Multiscale simulations reveal the driving forces underlying V337M-induced tau core fragment aggregation

Abstract

Pathogenic microtubule-associated protein tau (MAPT) mutations play an important role in tauopathies by altering tau assembly and early aggregation. The V337M mutation, located within the aggregation-prone PHF6** motif of tau, is known to accelerate tau assembly, while its molecular mechanism is unclear. Here, we employ multiscale molecular dynamics simulations, combining replica-exchange, conventional and coarse-grained approaches, to elucidate how the V337M mutation reshapes the conformational ensemble and aggregation behavior of PHF6** peptides. Replica-exchange molecular dynamics simulations demonstrate that the V337M mutation enhances the β-structure and shifts PHF6** oligomers toward more compact aggregates. Interaction analyses show that the V337M mutation facilitates the formation of hydrogen bonds and salt-bridges and strengthens the residue–residue association, with the most pronounced enhancements involving residue 337 and its neighboring residues.
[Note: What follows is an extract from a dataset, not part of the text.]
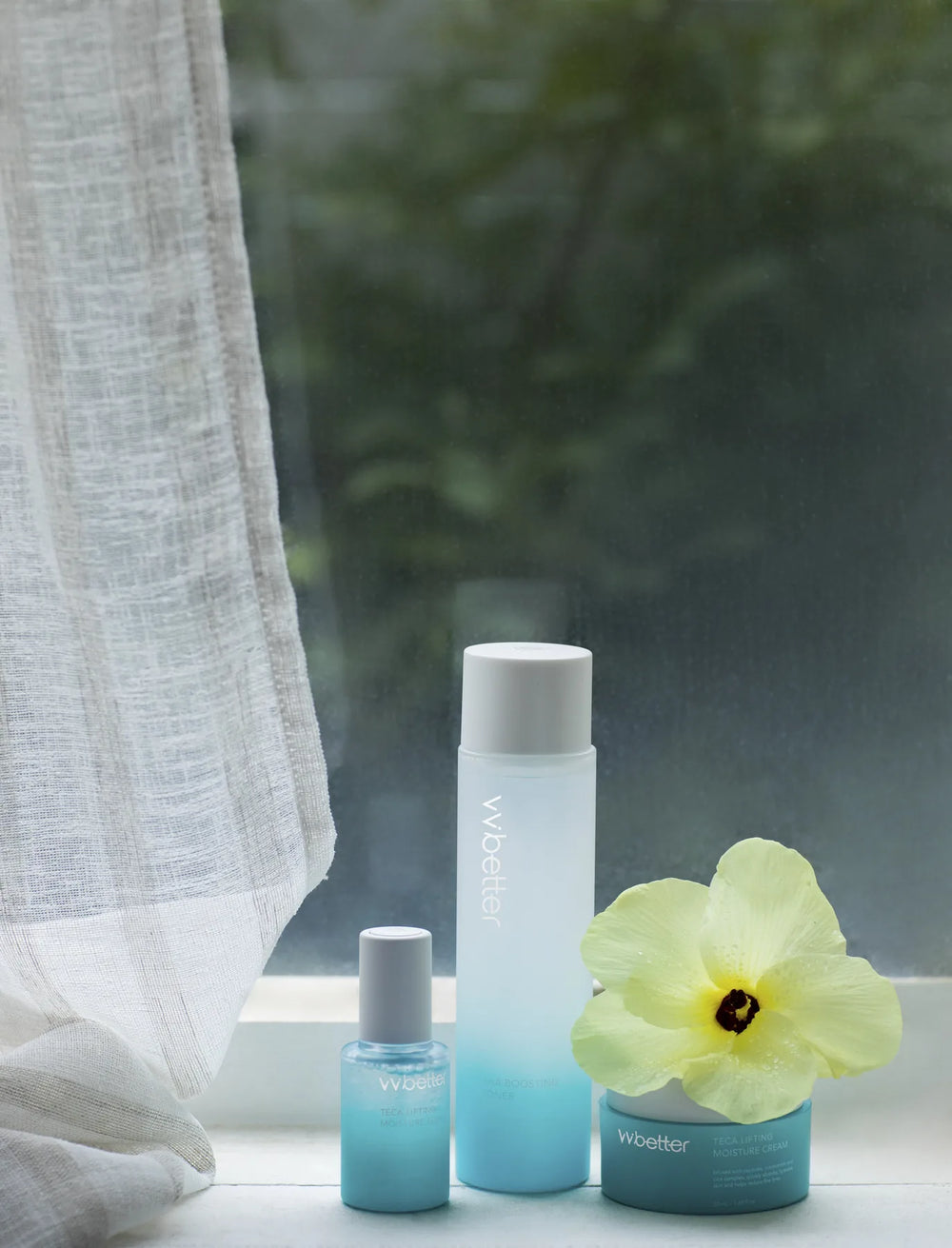 The Blue Line toner, serum and cream on a windowsill beside a yellow hibiscus flower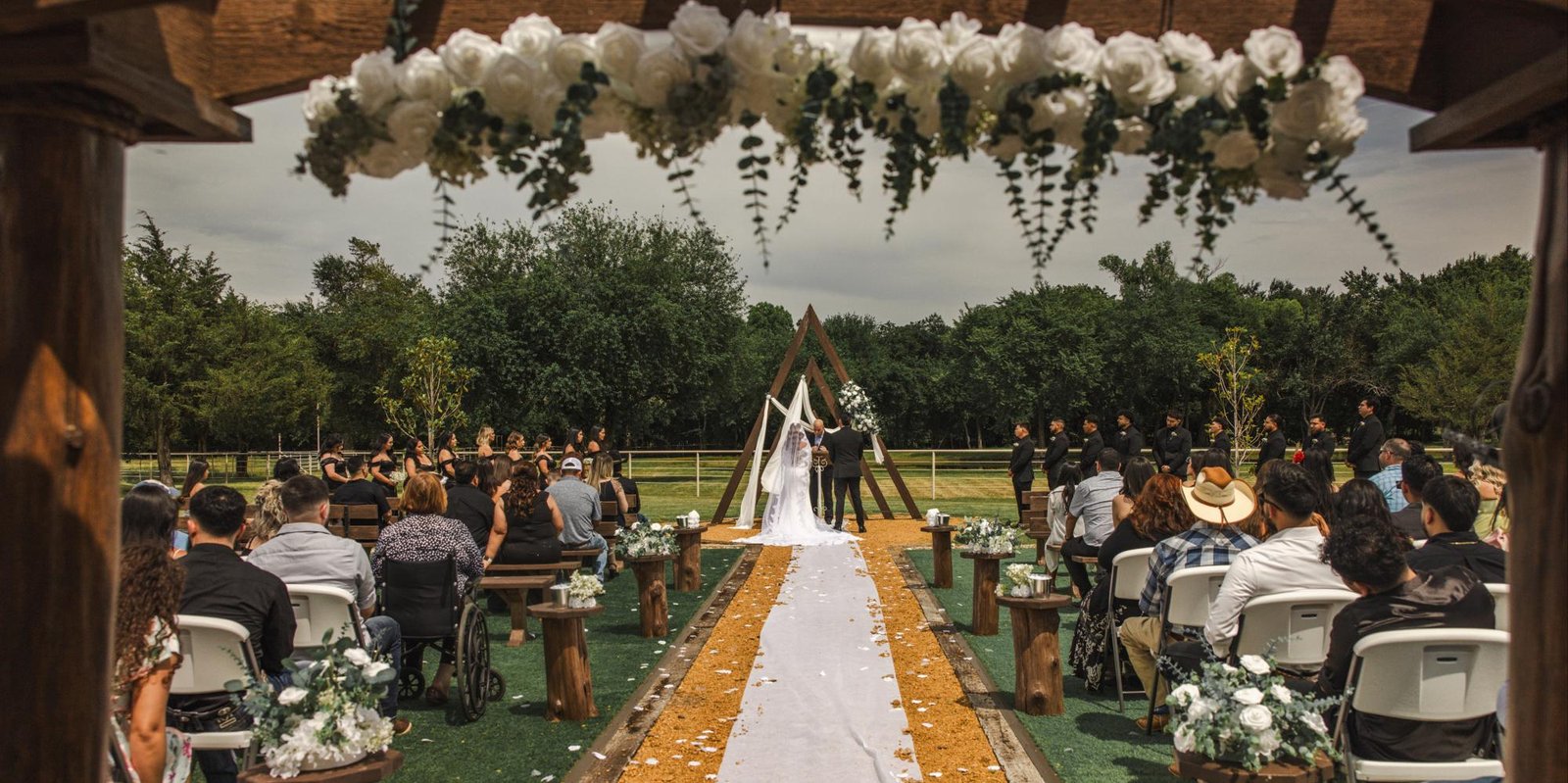 Outdoor ceremony area with rustic benches and green turf at dream ranch event venue located in dfw area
Conventional molecular dynamics simulations reveal that the V337M mutation promotes persistent oligomerization and stabilizes β-sheet assemblies in larger PHF6** systems. Coarse-grained simulations establish that β-structure formation is a prerequisite for PHF6** oligomerization and the V337M mutation stabilizes interpeptide association, leading to earlier oligomer formation and more extensively interconnected oligomers. This study provides mechanistic insights into mutation-enhanced tau oligomerization, which may be helpful for an in-depth understanding of the pathogenesis of mutation-linked tauopathies.